DATE: ca. 1880 (made)
PLACE: Japan (made)
MATERIALS AND TECHNIQUES: Porcelain with overglaze enamels

This teapot is a type of Japanese porcelain known as Hirado, a name which derives from its production in the Hirado kilns of Nagasaki. Hirado wares are generally characterised by light and slightly translucent cobalt pigments, which highlight the volumes and detailed modelling of the porcelain. During the early 19th century, the economic structure of Japan’s feudal system began to disintegrate, which forced the Hirado kilns to seek financial support through export contracts with the Dutch East India Company. By the 1840s, there was a well-established trade in Hirado porcelain with the West, where such pieces were highly sought after by wealthy buyers.
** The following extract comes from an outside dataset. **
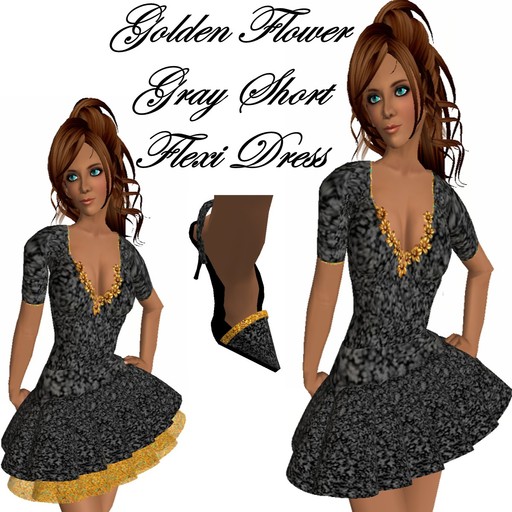 gray golden flower short dress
Although early Hidrado wares were painted with simple landscape scenes and natural motifs, Western tastes encouraged more inventive and sculptural forms, such as animals and mythical figures with applied decoration. This teapot is modelled to resemble Hotei, the Buddhist god of laughter and contentment, and one of the Shichi-fuku-jin, or ‘Seven Gods of Luck’. He is often depicted with a smiling face and bulging stomach, holding a Chinese fan called an oogi, which is said to grant wishes, and a cloth bag on his back that represents his wandering lifestyle.